I went to londonR a month or so ago, and the talk whose content stayed with me most was the one given by Simon Hailstone on map-making and data visualisation with ggplot2. The take-home message for me from that talk was that it was likely to be fairly straightforward to come up with interesting visualisations and data mashups, if you already know what you are doing.

Not unrelatedly, in the Goldsmiths Data Science MSc programme which we are running from October, it is quite likely that I will be teaching a module in Open Data, where the students will be expected to produce visualisations and mashups of publically-accessible open data sets.

So, it is then important for me to know what I am doing, in order that I can help the students to learn to know what they are doing. My first, gentle steps are to look at life in London; motivated at least partly by the expectation that I encounter when dropping off or picking up children from school that I need more things to do with my time (invitations to come and be trained in IT at a childrens' centre at 11:00 are particularly misdirected, I feel) I was interested to try to find out how local employment varies. This blog serves at least partly as a stream-of-exploration of not just the data but also ggplot and gridsvg; as a (mostly satisfied) user of lattice and SVGAnnotation in a previous life, I'm interested to see how the R graphing tools have evolved.

Onwards! Using R 3.1 or later: first, we load in the libraries we will need.

library(ggplot2)
library(extremevalues)
library(maps)
library(rgeos)
library(maptools)
library(munsell)
library(gridSVG)

Then, let's define a couple of placeholder lists to accumulate related data structures.

london <- list()
tmp <- list()

Firstly, let's get hold of some data. I want to look at employment; that means getting hold of counts of employed people, broken down by area, and also counts of people living in that area in the first place. I found some Excel spreadsheets published by London datastore and the Office for National Statistics, with data from the 2011 census, and extracted from them some useful data in CSV format. (See the bottom of this post for more detail about the data sources).

london$labour <- read.csv("2011-labour.csv", header=TRUE, skip=1)
london$population <- read.csv("mid-2011-lsoa-quinary-estimates.csv", header=TRUE, skip=3)

The labour information here does include working population counts by area – specifically by Middle Layer Super Output Area (MSOA), a unit of area holding roughly eight thousand people. Without going into too much detail, these units of area are formed by aggregating Lower Layer Super Output Areas (LSOAs), which themselves are formed by aggregating census Output Areas. In order to get the level of granularity we want, we have to do some of that aggregation ourselves.

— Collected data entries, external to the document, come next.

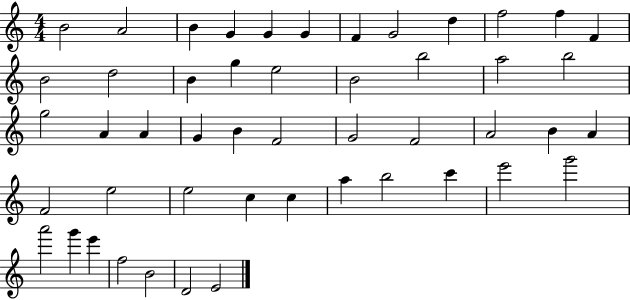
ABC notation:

X:1
T:Untitled
M:4/4
L:1/4
K:C
B2 A2 B G G G F G2 d f2 f F B2 d2 B g e2 B2 b2 a2 b2 g2 A A G B F2 G2 F2 A2 B A F2 e2 e2 c c a b2 c' e'2 g'2 a'2 g' e' f2 B2 D2 E2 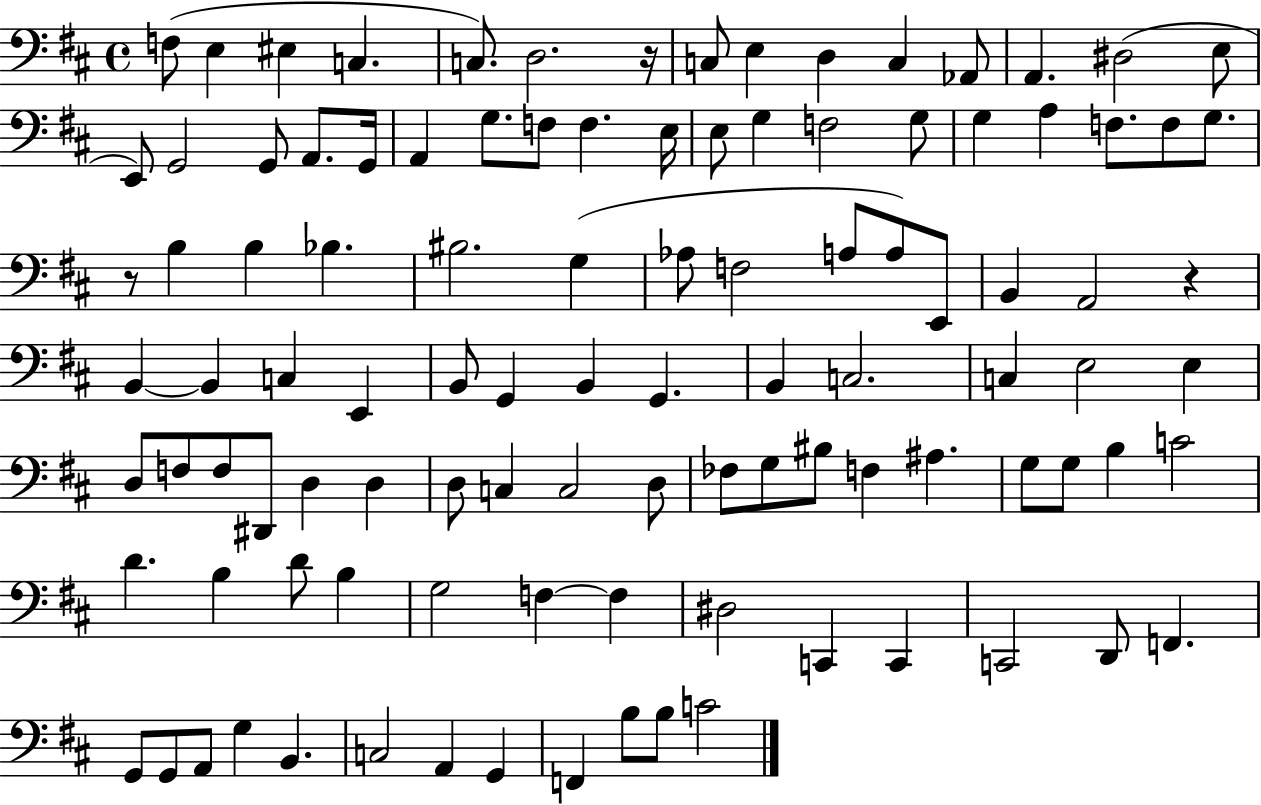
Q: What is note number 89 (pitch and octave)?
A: D2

The labour data is published in one sheet by borough (administrative area), ward (local electoral area) and LSOA. The zone IDs for these areas begin E09, E05 and E01; we need to manipulate the data frame we have to include just the LSOA entries

london$labour.lsoa <- droplevels(subset(london$labour, grepl("^E01", ZONEID)))

and then aggregate LSOAs into MSOAs “by hand”, by using the fact that LSOAs are named such that the name of their corresponding MSOA is all but the last letter of the LSOA name (e.g. “Newham 001A” and “Newham 001B” LSOAs both have “Newham 001” as their parent MSOA). In doing the aggregation, all the numeric columns are count data, so the correct aggregation is to sum corresponding entries of numerical data (and discard non-numeric ones)

tmp$nonNumericNames <- c("DISTLABEL", "X", "X.1", "ZONEID", "ZONELABEL")
tmp$msoaNames <- sub(".$", "", london$labour.lsoa$ZONELABEL)
tmp$data <- london$labour.lsoa[,!names(london$labour.lsoa) %in% tmp$nonNumericNames]

london$labour.msoa <- aggregate(tmp$data, list(tmp$msoaNames), sum)
tmp <- list()

The population data is also at LSOA granularity; it is in fact for all LSOAs in England and Wales, rather than just London, and includes some aggregate data at a higher level. We can restrict our attention to London LSOAs by reusing the zone IDs from the labour data, and then performing the same aggregation of LSOAs into MSOAs.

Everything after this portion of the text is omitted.